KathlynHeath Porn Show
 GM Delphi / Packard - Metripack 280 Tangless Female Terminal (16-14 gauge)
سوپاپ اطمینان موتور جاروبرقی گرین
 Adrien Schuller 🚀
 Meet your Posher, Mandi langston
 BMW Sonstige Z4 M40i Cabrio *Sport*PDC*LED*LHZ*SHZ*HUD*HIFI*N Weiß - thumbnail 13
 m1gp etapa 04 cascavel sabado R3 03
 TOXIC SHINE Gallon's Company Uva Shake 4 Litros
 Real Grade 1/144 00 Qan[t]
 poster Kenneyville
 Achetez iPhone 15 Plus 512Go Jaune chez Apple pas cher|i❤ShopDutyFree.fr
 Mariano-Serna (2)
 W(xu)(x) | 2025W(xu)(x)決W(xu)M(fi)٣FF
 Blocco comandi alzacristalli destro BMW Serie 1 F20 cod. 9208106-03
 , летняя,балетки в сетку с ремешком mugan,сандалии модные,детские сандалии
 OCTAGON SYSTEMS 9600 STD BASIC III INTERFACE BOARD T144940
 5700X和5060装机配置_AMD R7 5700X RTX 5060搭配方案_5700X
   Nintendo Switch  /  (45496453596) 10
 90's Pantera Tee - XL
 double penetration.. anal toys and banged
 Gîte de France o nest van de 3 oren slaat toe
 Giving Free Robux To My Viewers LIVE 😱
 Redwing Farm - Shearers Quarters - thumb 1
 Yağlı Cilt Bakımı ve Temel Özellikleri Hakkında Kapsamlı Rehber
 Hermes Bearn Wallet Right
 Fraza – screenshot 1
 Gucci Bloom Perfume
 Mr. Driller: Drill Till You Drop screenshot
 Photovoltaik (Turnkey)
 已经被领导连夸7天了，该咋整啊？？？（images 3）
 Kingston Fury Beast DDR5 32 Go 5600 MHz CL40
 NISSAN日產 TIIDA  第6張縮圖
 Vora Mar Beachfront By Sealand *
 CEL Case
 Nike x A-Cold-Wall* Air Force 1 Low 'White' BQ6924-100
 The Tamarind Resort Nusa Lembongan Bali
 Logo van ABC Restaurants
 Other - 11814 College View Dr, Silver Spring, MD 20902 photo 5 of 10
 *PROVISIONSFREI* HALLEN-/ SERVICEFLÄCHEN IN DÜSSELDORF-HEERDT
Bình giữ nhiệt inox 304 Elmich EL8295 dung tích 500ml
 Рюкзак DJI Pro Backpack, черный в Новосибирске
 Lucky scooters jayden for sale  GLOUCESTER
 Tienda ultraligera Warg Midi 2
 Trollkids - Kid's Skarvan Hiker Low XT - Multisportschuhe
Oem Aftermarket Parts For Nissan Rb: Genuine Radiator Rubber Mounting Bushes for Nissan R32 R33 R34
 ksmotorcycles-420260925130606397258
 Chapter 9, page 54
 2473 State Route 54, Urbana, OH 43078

- **Exercise instructions**
Scan the records for the string "screenshot" and report each line where it occurs.

- **Answer box**
 Fraza – screenshot 1
 Mr. Driller: Drill Till You Drop screenshot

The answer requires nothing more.